[Task brief]
From the data underneath, reproduce exactly the stretch that begins at the line with "Santa Claus - Oversized Hooded Sweatshirt" and ends after the line with "Kasbah rattan tall pendant detail".

[Provided data]
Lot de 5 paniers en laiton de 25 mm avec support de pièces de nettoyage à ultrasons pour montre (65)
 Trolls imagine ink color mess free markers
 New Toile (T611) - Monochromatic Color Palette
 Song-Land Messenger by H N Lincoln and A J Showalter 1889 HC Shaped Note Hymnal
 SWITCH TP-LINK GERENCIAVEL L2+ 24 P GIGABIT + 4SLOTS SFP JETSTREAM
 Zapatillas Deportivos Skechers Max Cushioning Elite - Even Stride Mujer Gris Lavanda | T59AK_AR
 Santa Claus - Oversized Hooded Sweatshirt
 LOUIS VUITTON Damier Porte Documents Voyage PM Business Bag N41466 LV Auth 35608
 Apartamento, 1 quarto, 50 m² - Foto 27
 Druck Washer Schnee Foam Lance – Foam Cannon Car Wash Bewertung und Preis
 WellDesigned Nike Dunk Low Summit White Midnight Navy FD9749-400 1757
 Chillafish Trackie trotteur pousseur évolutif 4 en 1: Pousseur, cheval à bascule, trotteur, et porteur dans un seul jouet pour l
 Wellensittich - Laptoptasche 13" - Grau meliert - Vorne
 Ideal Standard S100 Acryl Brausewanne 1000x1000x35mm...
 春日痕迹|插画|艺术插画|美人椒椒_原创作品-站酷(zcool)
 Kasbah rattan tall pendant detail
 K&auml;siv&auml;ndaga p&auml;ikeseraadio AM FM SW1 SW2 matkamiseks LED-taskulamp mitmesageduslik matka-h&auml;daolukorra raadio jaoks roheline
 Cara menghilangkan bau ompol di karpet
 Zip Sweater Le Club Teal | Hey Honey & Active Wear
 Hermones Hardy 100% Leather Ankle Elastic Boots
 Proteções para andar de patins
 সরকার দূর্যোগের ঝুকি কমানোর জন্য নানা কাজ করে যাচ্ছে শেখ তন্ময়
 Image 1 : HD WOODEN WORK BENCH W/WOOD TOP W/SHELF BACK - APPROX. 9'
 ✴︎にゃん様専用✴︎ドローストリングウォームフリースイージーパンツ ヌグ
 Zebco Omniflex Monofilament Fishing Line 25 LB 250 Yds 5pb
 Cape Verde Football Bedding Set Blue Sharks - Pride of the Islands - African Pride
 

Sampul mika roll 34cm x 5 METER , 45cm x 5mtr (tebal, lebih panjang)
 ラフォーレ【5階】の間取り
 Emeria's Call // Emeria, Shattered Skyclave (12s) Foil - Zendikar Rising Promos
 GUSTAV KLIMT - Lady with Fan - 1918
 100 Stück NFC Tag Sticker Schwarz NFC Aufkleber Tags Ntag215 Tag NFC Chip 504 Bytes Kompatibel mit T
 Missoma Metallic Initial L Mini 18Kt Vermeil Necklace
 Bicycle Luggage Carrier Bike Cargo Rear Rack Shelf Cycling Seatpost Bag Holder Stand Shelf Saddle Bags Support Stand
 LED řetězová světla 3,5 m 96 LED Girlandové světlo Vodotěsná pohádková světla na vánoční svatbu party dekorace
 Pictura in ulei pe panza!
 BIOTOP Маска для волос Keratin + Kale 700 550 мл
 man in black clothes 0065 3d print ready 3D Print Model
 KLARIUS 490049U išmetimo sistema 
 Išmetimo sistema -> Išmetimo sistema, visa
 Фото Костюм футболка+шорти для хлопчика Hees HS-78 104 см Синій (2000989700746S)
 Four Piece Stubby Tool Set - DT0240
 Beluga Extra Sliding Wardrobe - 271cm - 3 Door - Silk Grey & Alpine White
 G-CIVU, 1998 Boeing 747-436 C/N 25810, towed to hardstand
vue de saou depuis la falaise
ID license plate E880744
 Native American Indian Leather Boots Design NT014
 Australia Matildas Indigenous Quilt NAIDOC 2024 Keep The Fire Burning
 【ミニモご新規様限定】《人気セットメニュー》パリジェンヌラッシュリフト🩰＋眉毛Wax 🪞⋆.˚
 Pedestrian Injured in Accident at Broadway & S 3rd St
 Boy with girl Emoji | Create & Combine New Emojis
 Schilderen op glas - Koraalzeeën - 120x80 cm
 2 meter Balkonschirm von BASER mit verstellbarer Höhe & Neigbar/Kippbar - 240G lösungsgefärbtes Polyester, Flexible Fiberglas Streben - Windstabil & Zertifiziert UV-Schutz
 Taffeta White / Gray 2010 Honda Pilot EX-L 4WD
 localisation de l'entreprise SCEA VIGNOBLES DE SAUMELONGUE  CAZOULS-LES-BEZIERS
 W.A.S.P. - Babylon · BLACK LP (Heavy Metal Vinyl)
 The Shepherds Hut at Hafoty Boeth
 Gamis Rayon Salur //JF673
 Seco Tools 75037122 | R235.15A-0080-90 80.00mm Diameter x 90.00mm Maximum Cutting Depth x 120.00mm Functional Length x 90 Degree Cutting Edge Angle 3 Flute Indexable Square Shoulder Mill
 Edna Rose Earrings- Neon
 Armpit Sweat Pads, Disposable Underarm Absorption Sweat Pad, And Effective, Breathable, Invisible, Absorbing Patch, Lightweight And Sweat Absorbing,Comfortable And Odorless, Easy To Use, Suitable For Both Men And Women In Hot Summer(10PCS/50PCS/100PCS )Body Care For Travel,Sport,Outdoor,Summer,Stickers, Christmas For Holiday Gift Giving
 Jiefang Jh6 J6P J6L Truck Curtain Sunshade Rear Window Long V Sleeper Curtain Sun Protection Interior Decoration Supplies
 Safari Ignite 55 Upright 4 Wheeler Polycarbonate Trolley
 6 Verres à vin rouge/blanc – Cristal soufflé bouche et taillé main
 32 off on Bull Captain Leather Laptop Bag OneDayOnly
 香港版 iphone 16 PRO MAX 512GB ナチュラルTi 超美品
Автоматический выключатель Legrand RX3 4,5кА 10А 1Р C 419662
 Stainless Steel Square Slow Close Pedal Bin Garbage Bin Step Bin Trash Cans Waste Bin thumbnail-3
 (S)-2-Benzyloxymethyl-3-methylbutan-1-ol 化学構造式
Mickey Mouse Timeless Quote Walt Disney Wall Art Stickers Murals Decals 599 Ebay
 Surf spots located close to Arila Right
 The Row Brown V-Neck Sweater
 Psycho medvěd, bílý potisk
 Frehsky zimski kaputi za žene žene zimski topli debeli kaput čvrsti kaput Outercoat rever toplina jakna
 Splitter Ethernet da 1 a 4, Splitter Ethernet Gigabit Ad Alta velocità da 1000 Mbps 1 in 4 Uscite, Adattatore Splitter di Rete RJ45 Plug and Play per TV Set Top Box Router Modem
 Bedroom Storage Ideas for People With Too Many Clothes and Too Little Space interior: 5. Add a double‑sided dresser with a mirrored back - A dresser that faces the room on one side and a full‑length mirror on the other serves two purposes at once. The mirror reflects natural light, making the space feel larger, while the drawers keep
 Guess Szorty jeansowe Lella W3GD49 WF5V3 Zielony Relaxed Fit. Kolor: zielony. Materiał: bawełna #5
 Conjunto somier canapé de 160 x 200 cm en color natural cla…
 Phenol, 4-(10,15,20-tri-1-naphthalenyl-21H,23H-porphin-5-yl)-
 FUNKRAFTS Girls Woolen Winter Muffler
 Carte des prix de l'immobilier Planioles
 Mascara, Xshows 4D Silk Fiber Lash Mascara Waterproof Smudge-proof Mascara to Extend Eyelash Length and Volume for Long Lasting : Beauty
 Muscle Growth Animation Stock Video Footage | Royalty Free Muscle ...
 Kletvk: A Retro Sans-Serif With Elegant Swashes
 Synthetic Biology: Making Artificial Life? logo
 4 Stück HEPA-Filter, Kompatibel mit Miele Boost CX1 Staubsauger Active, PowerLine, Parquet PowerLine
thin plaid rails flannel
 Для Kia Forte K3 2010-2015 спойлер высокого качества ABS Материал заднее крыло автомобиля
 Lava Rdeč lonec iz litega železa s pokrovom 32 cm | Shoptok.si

[Response area]
 Santa Claus - Oversized Hooded Sweatshirt
 LOUIS VUITTON Damier Porte Documents Voyage PM Business Bag N41466 LV Auth 35608
 Apartamento, 1 quarto, 50 m² - Foto 27
 Druck Washer Schnee Foam Lance – Foam Cannon Car Wash Bewertung und Preis
 WellDesigned Nike Dunk Low Summit White Midnight Navy FD9749-400 1757
 Chillafish Trackie trotteur pousseur évolutif 4 en 1: Pousseur, cheval à bascule, trotteur, et porteur dans un seul jouet pour l
 Wellensittich - Laptoptasche 13" - Grau meliert - Vorne
 Ideal Standard S100 Acryl Brausewanne 1000x1000x35mm...
 春日痕迹|插画|艺术插画|美人椒椒_原创作品-站酷(zcool)
 Kasbah rattan tall pendant detail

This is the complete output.